This violation is being treated as an NCV, consistent with Section 2.3.2 of the Enforcement Policy, because it was of very low safety significance (Green) and was entered into the CAP as AR01629378 to address recurrence (NCV 05000301/2013002-09; Engineered Safety Feature Steam Line Pressure Dynamics Modules Discovered Outside of Technical Specification Values).

.3 Notice Of Unusual Event Due to a Loss of Offsite Power to Unit 1 Safety-Related Busses

for Greater Than 15 Minutes

a. Inspection Scope

The inspectors reviewed the plants response to a Notice of Unusual Event due to a loss of offsite power to Unit 1 SR busses for greater than 15 minutes. Documents reviewed are listed in the Attachment to this report.

This event follow-up review constituted one sample as defined in IP 71153-05.

b. Findings

No findings were identified.

4OA5 Other Activities

.1 (Closed) Unresolved Item 05000266/2012005-05; 05000301/2012005-05, Unmonitored

Neutron Exposure Evaluation The URI described a condition where additional information was needed by the inspectors to assess neutron dose to various plant personnel from the storage of a neutron source outside of the RCA. This item is discussed in Section 2RS4 and is closed by NCV 05000266/2013002-04; 05000301/2013002-04, Failure to Survey for Neutron Dose from Source Storage. This URI is closed.

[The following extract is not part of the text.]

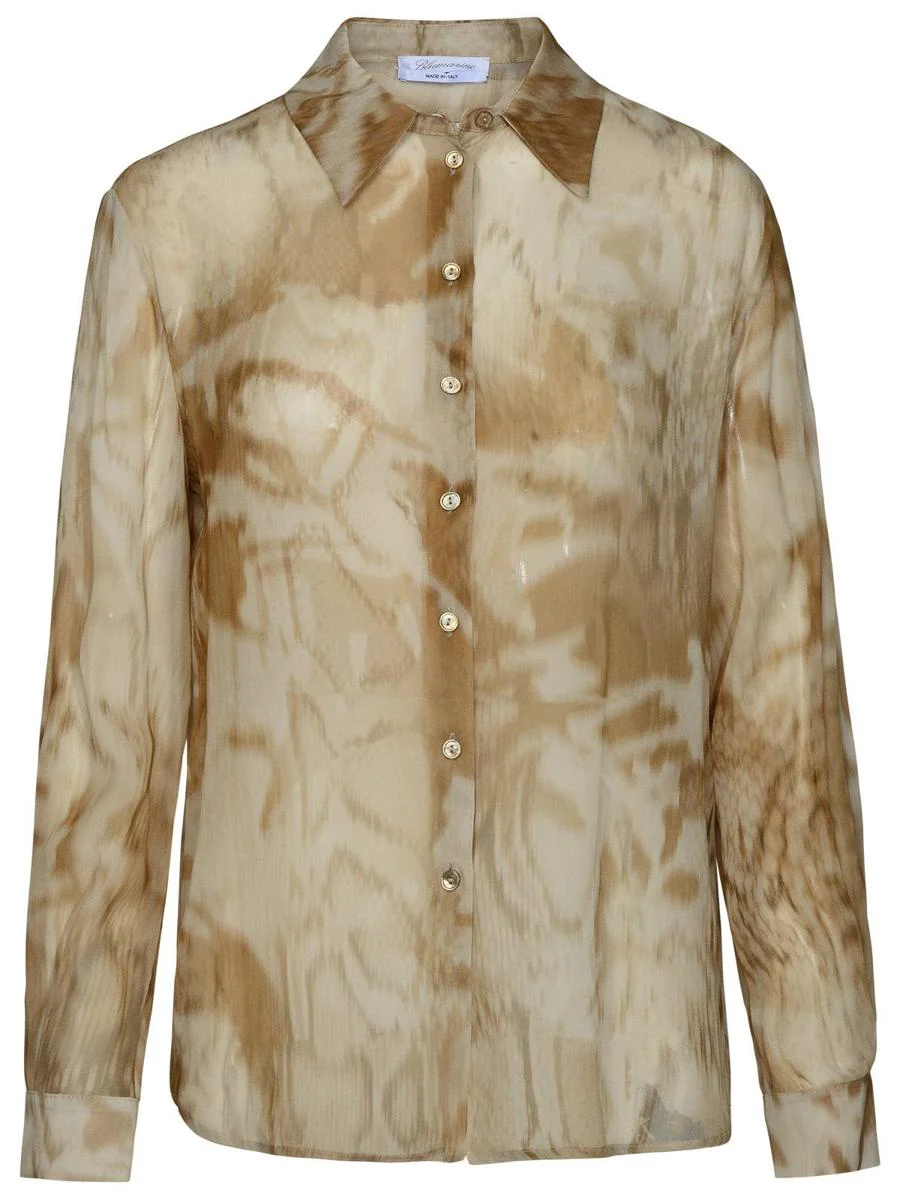 BLUMARINE TWO-TONE VISCOSE SHIRT - 1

.2 (Closed) NRC Temporary 2515/187, "Inspection of Near-Term Task Force

Recommendation 2.3 Flooding Walkdowns"

a. Inspection Scope

and Documentation The inspectors verified that licensees walkdown packages contained the elements as specified in the NEI 12-07, Walkdown Guidance, document, accompanied the licensee on the walkdowns to verify that the licensee confirmed the flood protection features, and independently performed walkdowns, as described in IR 05000266(301)/2012005. As a result of the walkdowns several noncompliances with current licensing requirements, issues that could challenge risk-significant equipment, and observations regarding the licensees ability to mitigate the consequences were identified. This Temporary Instruction (TI) is closed.

b. Findings

(1) Failure to Establish A Procedure to Implement Wave Run-Up Design Features
Introduction:

A preliminary finding of yet undetermined safety significance and an associated Apparent Violation (AV) of 10 CFR Part 50, Appendix B, Criterion V, was identified by the inspectors for the licensees failure to establish procedural requirements to implement external flooding wave run-up protection design features as described in the FSAR.

Description:

As an extent of condition review from URI 05000266/2012002 01; 05000301/2012002 01, and in response to TI-187, the inspectors reviewed the licensing basis information and found that the FSAR described external flooding design features and mitigating strategies to protect against a wave run-up flooding event. This flooding event is postulated to occur when waves from Lake Michigan break over the bank and enter the circulating water pump house and the turbine buildings through existing non-watertight doors in each structure. The FSAR states that the site would protect the turbine building and pumphouse by using sandbags, concrete jersey barriers, or equivalent barriers placed on the north and south sides of the circulating water pumphouse just to the west of the walkway. Licensee procedure PC 80 Part 7, Lake Water Level Determination, implements these features as described in the FSAR. The inspectors reviewed PC 80 Part 7 and found that guidance was only provided for installation of concrete jersey barriers.

The licensee performed a walkthrough of the sites flooding procedure in response to the NRCs 50.54(f) Near-Term Task Force Review of Insights from the Fukushima Dai-Ichi Accident, letter which requested flood area walkdowns and procedure walkthroughs.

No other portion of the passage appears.